Saturday, November 9, 2024

M Squad: "Decoy in White" (Latimer Productions, Revue Productions, MCA-TV, 1959)


by Mark Gabrish Conlan • Copyright © 2024 by Mark Gabrish Conlan • All rights reserved

The final thing I watched overnight was at 2:30 a.m. November 9: a YouTube post of an episode in an unexpectedly fascinating police procedural TV showed called M Squad (for “murders,” I guess). It was an attempt to do their own Dragnet, though set in Chicago instead of L.A., and the closed-off nature of much of Chicago’s land is a key dramatic point. The episode was called “Decoy in White,” and the bad guys are John Spicer (Mike Road), a disbarred attorney and gangster who’s been using the bank owned, or at least run, by Paul Maitland (James Flavin), to launder his ill-gotten gains; and his associate Coskie (the great Mike Mazurki from Murder, My Sweet and the 1945 RKO Dick Tracy). Spicer, who himself is reporting to a higher-up with bigger gangland credentials and an Italian-sounding name, uses Coskie as his designated hit man because Coskie is a devoté of karate and therefore can kill people without making the sound of a firearm. The gangsters are after Maitland and one of his employees, who received a “hot” $20 bill and immediately recognized its serial number from a list of bills used to pay a ransom from a kidnapping a year before. To lure Maitland, the gang hires a 21-year-old prostitute (at least that’s what’s hinted at by writer Robert Tallman) and hard-bitten blonde named Kitty Osborne (a nice femme fatale performance by Judy Bamber), who bused from her native South Dakota to Chicago to make it as … well, something-or-other. The lead cop, detective lieutenant Frank Ballinger (Lee Marvin, whose presence as star is probably the only reason anyone is still interested in this show), interrogates Kitty and gradually worms out of her that she was hired to meet up with this guy, intoxicate him with the promise of sex (or at least veiled hints thereof) and plenty of alcohol, and then turn him over to Spicer and Coskie so they could kill him.

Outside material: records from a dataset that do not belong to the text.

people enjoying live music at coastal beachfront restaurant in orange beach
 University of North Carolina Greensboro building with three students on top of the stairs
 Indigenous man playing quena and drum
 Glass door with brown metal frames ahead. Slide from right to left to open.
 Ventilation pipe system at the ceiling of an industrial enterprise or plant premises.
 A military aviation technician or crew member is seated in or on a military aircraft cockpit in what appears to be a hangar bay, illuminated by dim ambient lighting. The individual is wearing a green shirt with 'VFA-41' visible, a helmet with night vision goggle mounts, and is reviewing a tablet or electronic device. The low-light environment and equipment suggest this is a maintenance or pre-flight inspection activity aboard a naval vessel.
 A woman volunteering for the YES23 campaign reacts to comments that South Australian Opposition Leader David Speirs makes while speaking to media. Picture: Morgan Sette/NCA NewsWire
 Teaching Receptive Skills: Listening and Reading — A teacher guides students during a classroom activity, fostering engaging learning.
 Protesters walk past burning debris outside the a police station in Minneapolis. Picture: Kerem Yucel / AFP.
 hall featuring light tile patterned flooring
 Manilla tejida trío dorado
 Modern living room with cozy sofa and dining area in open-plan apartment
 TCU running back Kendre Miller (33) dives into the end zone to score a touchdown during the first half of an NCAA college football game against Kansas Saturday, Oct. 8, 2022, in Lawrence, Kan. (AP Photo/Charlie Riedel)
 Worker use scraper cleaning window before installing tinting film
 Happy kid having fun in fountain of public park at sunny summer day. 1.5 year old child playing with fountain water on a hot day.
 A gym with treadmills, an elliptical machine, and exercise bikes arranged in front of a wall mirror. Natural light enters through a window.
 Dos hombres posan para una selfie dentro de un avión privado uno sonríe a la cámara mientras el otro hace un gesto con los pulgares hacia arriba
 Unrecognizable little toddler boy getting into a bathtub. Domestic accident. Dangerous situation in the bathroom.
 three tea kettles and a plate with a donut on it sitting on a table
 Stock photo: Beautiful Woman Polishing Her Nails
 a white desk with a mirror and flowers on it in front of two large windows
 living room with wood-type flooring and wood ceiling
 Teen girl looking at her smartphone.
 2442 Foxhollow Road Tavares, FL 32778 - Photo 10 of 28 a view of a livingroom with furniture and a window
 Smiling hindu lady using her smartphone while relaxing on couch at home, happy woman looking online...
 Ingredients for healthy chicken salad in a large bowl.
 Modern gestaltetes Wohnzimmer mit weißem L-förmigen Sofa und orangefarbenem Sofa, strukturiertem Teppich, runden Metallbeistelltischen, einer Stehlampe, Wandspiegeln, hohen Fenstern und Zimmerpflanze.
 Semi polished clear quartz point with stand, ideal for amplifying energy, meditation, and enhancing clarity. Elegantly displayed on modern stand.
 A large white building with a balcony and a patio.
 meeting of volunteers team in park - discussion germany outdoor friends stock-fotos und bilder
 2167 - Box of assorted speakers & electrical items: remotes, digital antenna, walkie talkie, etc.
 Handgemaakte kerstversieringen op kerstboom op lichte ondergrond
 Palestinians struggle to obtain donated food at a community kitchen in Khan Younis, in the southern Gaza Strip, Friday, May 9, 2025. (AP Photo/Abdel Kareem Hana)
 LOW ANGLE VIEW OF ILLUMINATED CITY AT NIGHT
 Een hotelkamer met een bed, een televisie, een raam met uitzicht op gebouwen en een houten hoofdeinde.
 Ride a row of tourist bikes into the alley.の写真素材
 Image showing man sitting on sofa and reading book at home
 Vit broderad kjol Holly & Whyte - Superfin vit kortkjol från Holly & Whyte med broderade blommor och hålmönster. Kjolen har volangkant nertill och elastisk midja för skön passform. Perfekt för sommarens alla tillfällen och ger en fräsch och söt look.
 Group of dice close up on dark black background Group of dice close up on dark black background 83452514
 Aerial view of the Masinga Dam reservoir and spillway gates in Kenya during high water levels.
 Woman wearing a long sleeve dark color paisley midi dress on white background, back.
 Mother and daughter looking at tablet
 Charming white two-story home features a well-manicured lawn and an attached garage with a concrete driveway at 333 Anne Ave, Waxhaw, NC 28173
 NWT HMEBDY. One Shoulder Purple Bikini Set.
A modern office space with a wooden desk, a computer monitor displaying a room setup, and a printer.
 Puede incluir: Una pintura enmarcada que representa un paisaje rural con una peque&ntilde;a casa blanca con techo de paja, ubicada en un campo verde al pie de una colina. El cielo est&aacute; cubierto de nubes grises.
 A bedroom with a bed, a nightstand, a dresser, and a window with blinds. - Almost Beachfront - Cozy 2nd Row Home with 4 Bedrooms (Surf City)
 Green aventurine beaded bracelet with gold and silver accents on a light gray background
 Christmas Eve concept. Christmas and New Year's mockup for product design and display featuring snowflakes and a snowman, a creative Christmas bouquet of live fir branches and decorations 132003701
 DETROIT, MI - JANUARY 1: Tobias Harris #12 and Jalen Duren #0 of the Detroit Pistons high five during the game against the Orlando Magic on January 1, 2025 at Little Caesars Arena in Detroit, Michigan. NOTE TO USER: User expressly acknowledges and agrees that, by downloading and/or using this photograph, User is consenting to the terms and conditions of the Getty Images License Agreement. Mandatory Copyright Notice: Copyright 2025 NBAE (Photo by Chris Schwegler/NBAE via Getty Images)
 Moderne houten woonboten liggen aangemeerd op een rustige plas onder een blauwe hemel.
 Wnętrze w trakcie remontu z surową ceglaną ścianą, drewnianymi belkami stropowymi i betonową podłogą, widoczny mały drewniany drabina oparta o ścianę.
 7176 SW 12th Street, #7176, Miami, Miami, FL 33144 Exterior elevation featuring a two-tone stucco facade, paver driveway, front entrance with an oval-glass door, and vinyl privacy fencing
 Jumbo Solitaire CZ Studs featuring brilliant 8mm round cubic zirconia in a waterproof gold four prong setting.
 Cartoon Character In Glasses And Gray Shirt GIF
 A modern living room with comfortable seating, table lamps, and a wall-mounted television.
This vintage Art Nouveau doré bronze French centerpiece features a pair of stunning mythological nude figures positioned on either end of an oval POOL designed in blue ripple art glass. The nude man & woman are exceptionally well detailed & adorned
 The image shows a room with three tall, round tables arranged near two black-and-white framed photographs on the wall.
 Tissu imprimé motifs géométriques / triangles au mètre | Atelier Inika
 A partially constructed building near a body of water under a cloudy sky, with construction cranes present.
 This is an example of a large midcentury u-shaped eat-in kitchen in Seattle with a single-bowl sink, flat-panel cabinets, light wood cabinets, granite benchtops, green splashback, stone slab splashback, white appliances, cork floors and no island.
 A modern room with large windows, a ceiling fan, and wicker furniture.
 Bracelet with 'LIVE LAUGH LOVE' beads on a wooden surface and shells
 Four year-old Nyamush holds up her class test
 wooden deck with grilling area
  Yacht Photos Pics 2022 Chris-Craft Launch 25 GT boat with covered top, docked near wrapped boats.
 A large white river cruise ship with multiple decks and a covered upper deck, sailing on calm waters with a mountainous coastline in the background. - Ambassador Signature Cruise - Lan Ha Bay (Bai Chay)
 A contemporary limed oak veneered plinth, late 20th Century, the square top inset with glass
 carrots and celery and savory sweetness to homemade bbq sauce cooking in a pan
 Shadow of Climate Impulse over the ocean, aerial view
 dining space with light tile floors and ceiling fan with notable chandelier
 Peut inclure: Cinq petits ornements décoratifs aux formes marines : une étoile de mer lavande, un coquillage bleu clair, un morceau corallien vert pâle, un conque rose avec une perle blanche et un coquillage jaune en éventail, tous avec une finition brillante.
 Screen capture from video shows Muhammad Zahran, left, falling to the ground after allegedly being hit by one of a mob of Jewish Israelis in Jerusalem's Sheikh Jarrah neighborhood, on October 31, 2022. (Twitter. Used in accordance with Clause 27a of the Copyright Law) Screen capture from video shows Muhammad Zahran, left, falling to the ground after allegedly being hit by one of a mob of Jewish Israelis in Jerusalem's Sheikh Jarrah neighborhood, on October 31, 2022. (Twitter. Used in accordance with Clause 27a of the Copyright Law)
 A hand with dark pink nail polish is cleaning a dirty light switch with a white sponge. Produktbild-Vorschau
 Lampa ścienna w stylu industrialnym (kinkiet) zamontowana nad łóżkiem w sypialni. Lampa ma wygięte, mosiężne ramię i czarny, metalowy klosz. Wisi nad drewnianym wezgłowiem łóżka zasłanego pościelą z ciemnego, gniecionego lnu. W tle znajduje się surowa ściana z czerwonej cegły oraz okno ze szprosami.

Later the two baddies catch up to Wiles, the bank clerk in Maitland’s payroll department who noticed the “hot” bill in the first place, and off him as well; they don’t bother to bait him with a honey trap because they don’t need to; he’s convinced that Spicer is an FBI agent after counterfeiters (a mistake because the agency that tracks counterfeiters is actually the Secret Service) and is thus willing to go to a meeting where Coskie is lying in wait to knock him off. The crooks and the cops both realize at about the same time that the key to nailing the gang is one of the “hot” $20 bills that Kitty grabbed and kept at the scene of Maitland’s murder. She originally kept it to take it somewhere and break it into smaller bills, but never got around actually to doing that. The crooks come to her apartment first and ransack it while she’s out, then the cops come by and she admits she still has the bill and turns it over to them. Ultimately a narration delivered by Lee Marvin, Dragnet-style, explains that Spicer, Coskie and the guy they worked for are all serving long prison sentences after conviction. What makes this show still interesting 55 years after it was made is Lee Marvins’ tough-as-nails performance; the quite good acting of Judy Bamber (who ultimately returns home to her parents in South Dakota in an ending ripped off by Martin Scorsese and Paul Schrader in Taxi Driver 16 years later); and the show’s musical score. Both the opening and closing themes were written and played by Count Basie (though because of YouTube copyright restrictions the closing theme had to be left off this post), while the background score was by another jazz giant, Benny Carter. Though my husband Charles says he’s tired of watching crime shows that glorify the police (which is the main reason I didn’t wait to share this one with him), I found M Squad to be quite well done, pretty obviously shot on film rather than live or on early videotape because of the sheer dimensionality and quality of the images. It’s a quite good show and I’d like to watch more of it!